Mi imagen se distorsionó en el espejo poco a poco y me acerqué todavía más para intentar descifrar la escena que se formaba nuevamente en él, pero no conseguía verla con nitidez. Noté como una fuerza inexplicable tiraba de mí e intenté resistirme, pero era demasiado fuerte.
…
Caí precipitadamente sobre un frío y húmedo suelo. Me incorporé con dificultad y totalmente desconcertada.
–¡Vaya! Cuando creíamos que nada más podría sorprendernos –exclamó una irritante voz a mis espaldas
–¡Ni se te ocurra tocarla!
Levanté la vista al instante, Severus estaba esposado y con el cuerpo amoratado. Sus ropajes estaban encharcados en sangre. Grité descontrolada y me abalancé sobre él, pero al momento unas frías y robustas manos me sostuvieron, inmovilizándome.
–¿Esta estúpida chiquilla es el culmen de tus deseos? –comentó entre carcajadas una voz que me resultaba familiar.
–¡Lucius! –intervine con desprecio al reconocer su cara.
–¡Bienvenida! –exclamó de forma burlona. –Por lo visto no es a Snape el único al que se le da bien volver de la muerte –comentó mientras me agarraba con fuerza la barbilla.
–¿Qué le habéis hecho? –pregunté enfurecida intentando zafarme.
–Eso se lo ha hecho él solito… pero ahora que estás con nosotros, quizá no se niegue a contestar a nuestras preguntas –dijo mientras retaba a Snape con la mirada.
–Juro que te mataré y disfrutaré con cada segundo hasta que tu cuerpo sin vida caiga al suelo –susurró Severus en un tono peligroso.
Todos los mortífagos de la sala estallaron en carcajadas.
–Me parece que no estás en disposición de amenazar a nadie, ¿no crees?... ¿y bien?, ¿Hay algo que quieras contarnos? Somos todo oídos.
–Púdrete en el infierno, Malfoy –articuló el profesor exhalando con dificultad.
Estaba totalmente aterrada, mis ojos recorrían el cuerpo de Snape una y otra vez haciendo recuento de las múltiples heridas que lo estaban debilitando. Mis pupilas comenzaron a arder, me sentía impotente, necesitaba auxiliarlo de alguna forma.
–Muy bien –atajó Lucius. –Creo que necesitas un aliciente –constató mientras se acercaba a mí.
–¡Cruccio! –exclamó con una sonrisa de superioridad, dirigiendo su varita a mi pecho.
–¡NO! –gritó Severus descontrolado mientras yo me retorcía de dolor.
–¡¿Dónde la estás elaborando?! –preguntó Lucius con fuerza haciéndose eco por encima de mis gritos.

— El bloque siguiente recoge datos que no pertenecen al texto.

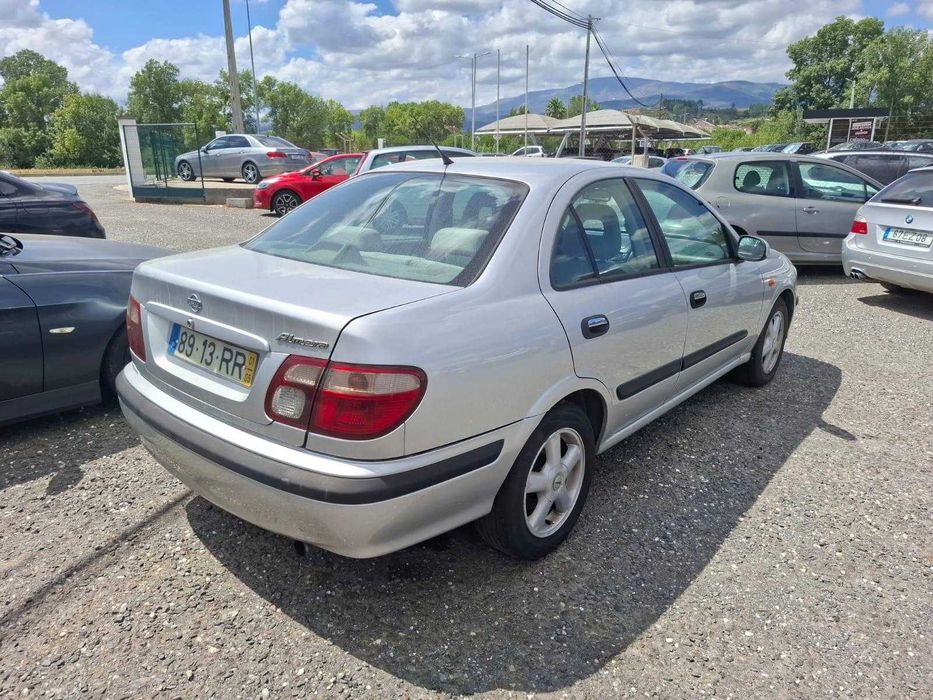 Nissan Almera N16 2.2 Diesel - Para Restauro ou Peças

La maldición cesó a los pocos segundos. Intenté incorporarme del suelo, pero mis rodillas flaquearon, por lo que volví a caer estrepitosamente.

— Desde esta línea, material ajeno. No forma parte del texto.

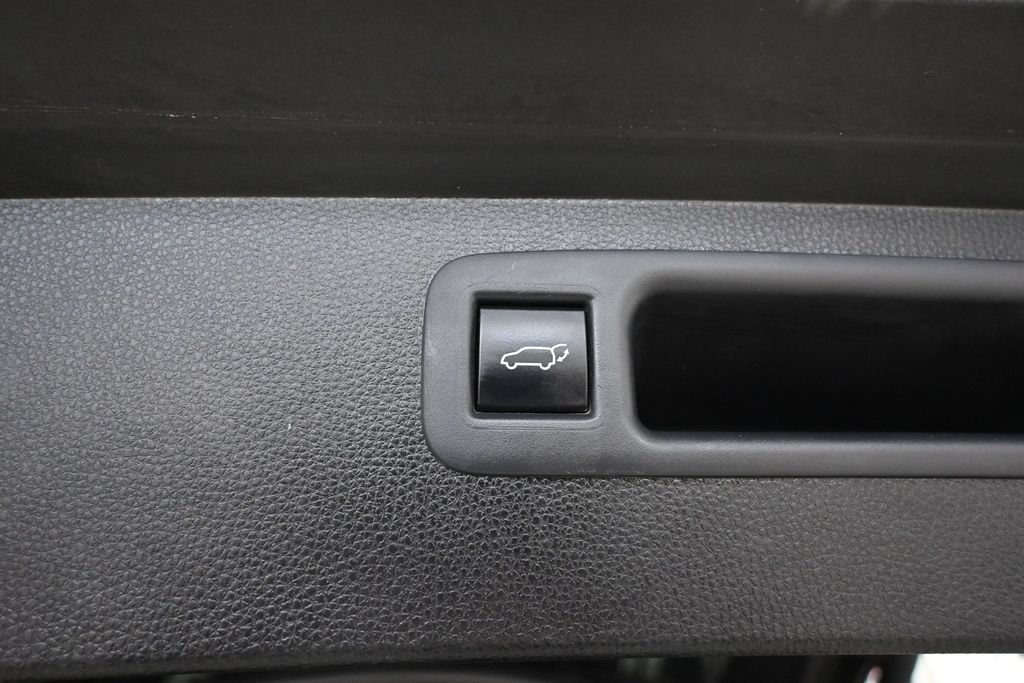 Used 2023 Toyota Highlander XLE AWD/4WD image 35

–No se lo digas… –susurré en un hilo de voz, dirigiéndome a Snape.
El profesor me miró desolado, el dolor que manifestaban sus ojos al verme así era indescriptible. Draco Malfoy salió de entre las sombras, caminó hasta mi posición y me agarró fuertemente de la cabellera, arrastrando mi cuerpo unos cuantos metros atrás.

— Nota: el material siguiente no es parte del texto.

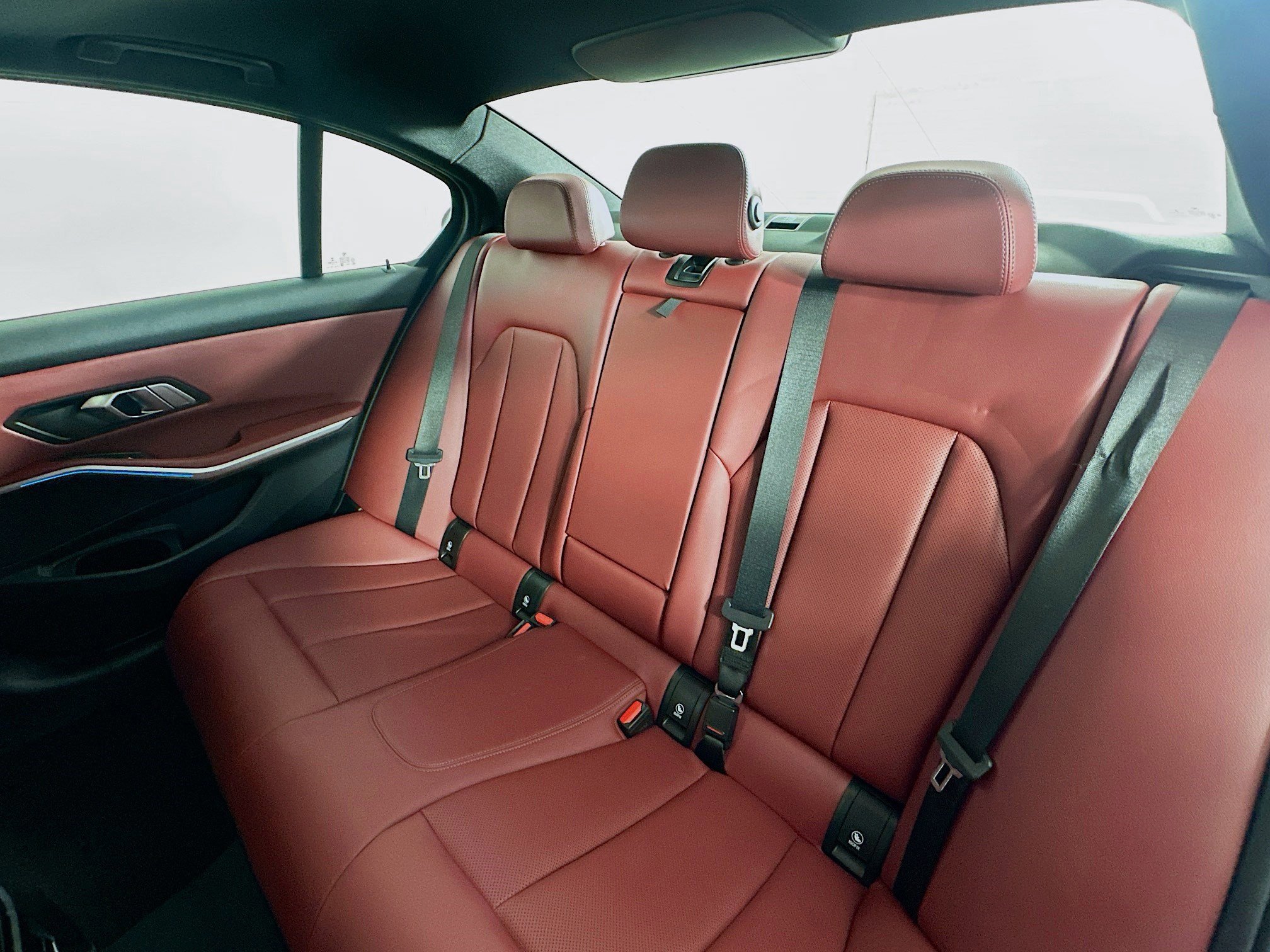 Used 2023 BMW 330e xDrive w/ M Sport Package image 24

–Quizás preferirías ver cómo todos estos hombres la toman de uno en uno delante de ti, al fin y al cabo hoy no has podido disfrutar del espectáculo final en el burdel. –informó sádicamente.
Snape lo miró con desprecio a la vez que maldecía por lo bajo.
–¡Tomas! –pronunció el pequeño de los Malfoy, abriendo mi camisa de un solo tirón. –¿Quieres ser tú el primero?
Intenté resistirme a su sujeción, pero estaba demasiado débil.
–¡BASTA! –gritó enloquecido al ver que aquel hombre se abalanzaba sobre mí. –¡TE DARÉ LO QUE QUIERAS!
Draco miró a su padre con aire de autosuficiencia, se habían salido con la suya.
–Estamos esperando, Severus –dijo Lucius acercándose a él.
–Todavía no está terminada.
–Bien, te propongo algo –comentó a la vez que le hacía indicaciones a los mismos mortífagos que me habían estado sujetando para que lo soltaran. –Acabarás la poción antes de la próxima luna llena y nos la entregarás. Si te demoras aunque solo sea un minuto, tu amiguita sufrirá las consecuencias –finalizó con una risa triunfante.
–¿Cómo sabré que no le harás daño? –preguntó Severus todavía con una mano esposada.
–No lo sabrás. Así que más vale que te des prisa, el tiempo corre…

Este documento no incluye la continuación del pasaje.